The CAD drawing, drawn to scale, is used to simulate the ‘transformation’ of the toy, whether parts will be able to move smoothly, to ‘transform properly’. When the ‘transformation’ is deemed satisfactory, 3D printing is then employed to produce a prototype (McFadden, 2017). [image: ]By using CAD in the design process, the designers are able to flesh out their design into a 3D form, which allows them to get a better idea on how their toy product looks like. Also, being able to perform stress analysis and simulations using CAD is a great asset to the designers. Toy products are generally aimed at children, who are usually rough and not as careful with toys as how toy manufacturers would hope them to be.
Durability is even more of a concern to Transformers toys, which consists of several parts, joints and assemblies, some of which are more prone to stress and breakage due to design limitations. Running stress analysis would allow toy designers to determine the parts in the assembly that are subjected to the most amount of stress, and alter their design before prototyping it to reduce any breakages in the prototype. The simulations also help the designers to determine if the ‘transformation’ of the toy product is possible. While long man-hours are needed in order to produce the CAD drawing, the benefits of using CAD will outweigh the costs.

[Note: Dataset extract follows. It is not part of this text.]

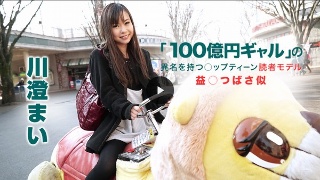 [川澄まい]ときめき 〜エッチしたいよぉ、なんでじらすの？〜 ...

After the Transformer prototype is 3D printed out, it proceeds to a master model maker. The prototype will be given a functional check to determine if the dimensions of the design are acceptable. For example, movable joints are checked to determine if they are too loose or too tight. Any changes or adjustments to the design that need to be made can be done easily onto the CAD drawing. This process will repeat until the best design is drawn (Wagner, 2013). Only when the design is approved before it is sent for mass manufacturing.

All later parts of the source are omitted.